He goes to work in blue jeans and utters only one sentence, but his message is loud and clear -- "Only you can prevent wildfires."
Smokey Bear just turned 70 years old, and his image is getting a reboot, reports CBS News' Ben Tracy.
"Smokey has had a little work done. His costume has been updated. He's got a great, fresh new look," said Peggy Conlon, president of the Advertising Council, the organization that has overseen Smokey's iconic image from the beginning.
"Ninety-four percent of Americans recognize Smokey Bear," she said. "He's survived generations. And he's beloved and everybody remembers his phrase."
Smokey was created in 1944, one of the first campaigns from the newly created "Wartime Ad Council." The same folks also coined the phrase, "loose lips sink ships."
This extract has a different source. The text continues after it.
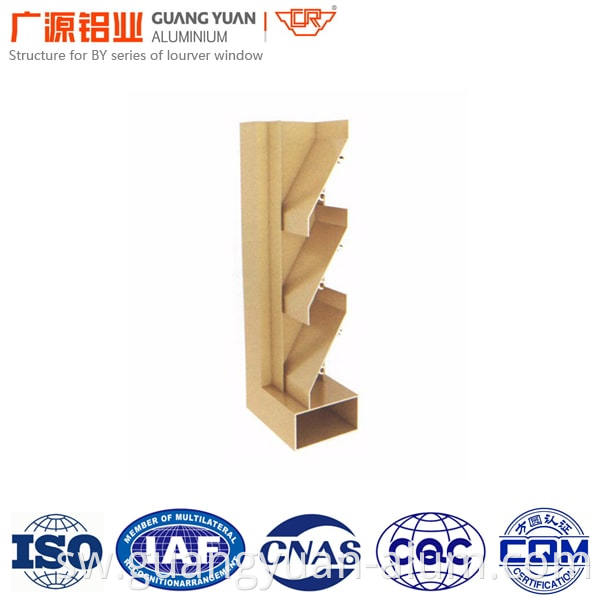 Profaili ya Aluminium ya Louver Louver Aluminum Profile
Smokey's job was to warn Americans of the danger of forest fires -- not those set by Americans -- but by the Japanese. During World War II, Japan launched fire bombing balloons into the jet stream hoping to destroy American natural resources.
"The concern with that is that we need wood for the war effort, whether it was boats and planes and just the paper. But then also, it would have taken many of the soldiers away from the war effort to be able to deal with fires," U.S. forest service chief Tom Tidwell said.
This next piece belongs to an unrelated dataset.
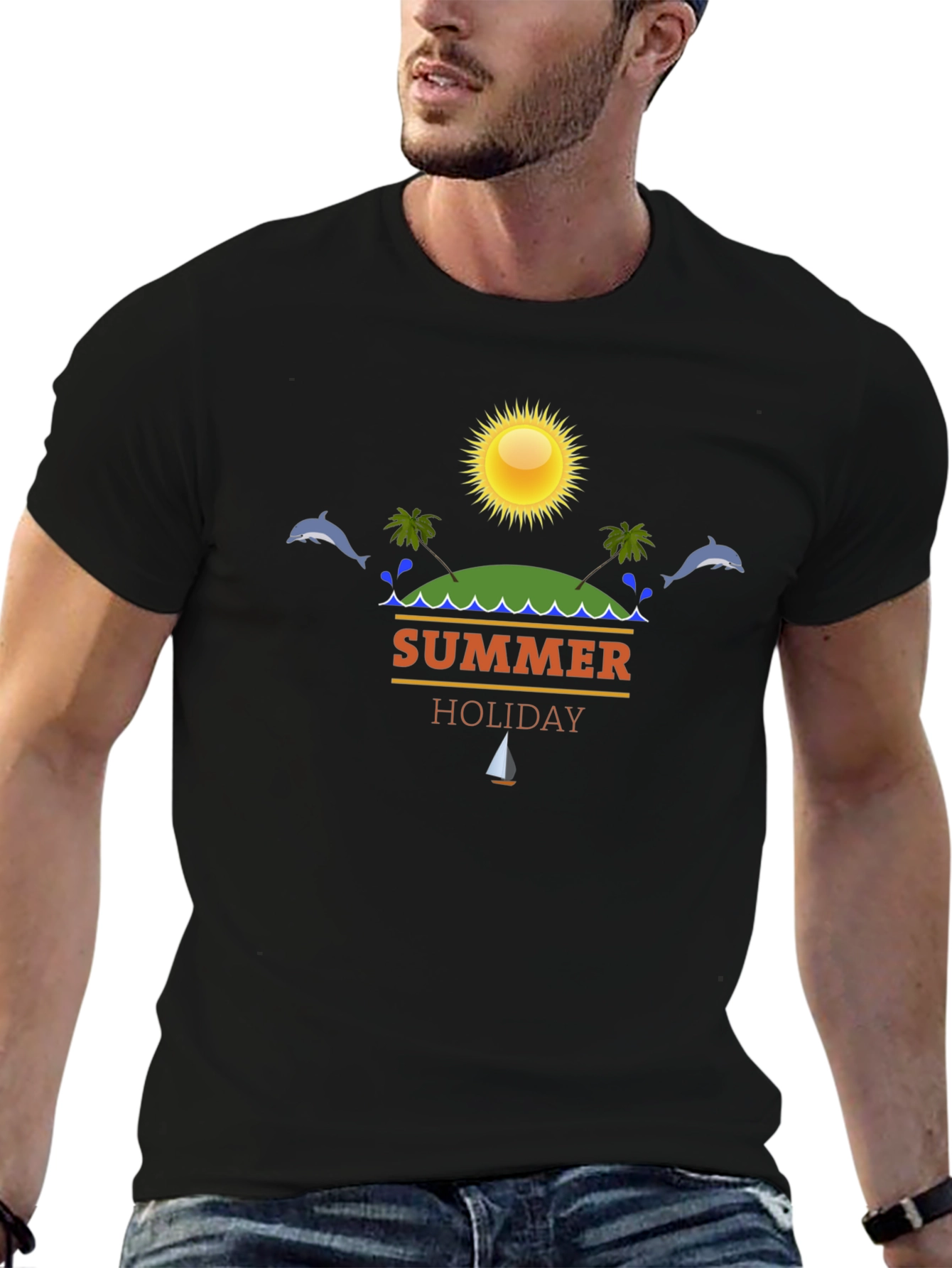 Summer Holiday Graphic T-Shirt - Beach Vacation Vibes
In 1950, an orphaned bear cub rescued from a fire in New Mexico, became the living symbol of forest fire prevention. History repeated itself this past week in Washington state when a bear cub named Cinder provided a fresh reminder of wildfire danger. But despite Smokey's fame, there is one recurring problem -- his name.
Conlon said "Smokey the Bear" is not the original name, but instead, it was adopted from a song written in the 1950s.
"Smokey the bear, Smokey the bear, prowling and a growling and a sniffing the air," the music lyrics say.
"Because of the cadence of the song, the songwriters put 'the' between Smokey and Bear," Conlon said. "Of course, that song became so iconic and memorable that's why people call him 'Smokey the bear.'"
Whatever you call him, he's been effective. In 1944 about 22 million acres were lost every year to wildfires. Today, the average is down to around 6.7 million acres due in part to awareness of wildfire prevention.
Yet in the U.S. more than 62,000 wildfires are still caused by humans every year. That includes the worst fire in California history, which killed 15 people and destroyed 2,200 homes.
That's why Smokey is now targeting a new generation. As part of his millennial makeover, he's joined Facebook and now has nearly 25,000 followers on Twitter.
His growing fan base is thanks in part to a "Happy" coincidence. Singer and song-writer Pharrell famously showed up to the Grammys this year in what many called his Smokey hat.
Apparently Smokey's sense of fashion, and his message, are still relevant 70 years later.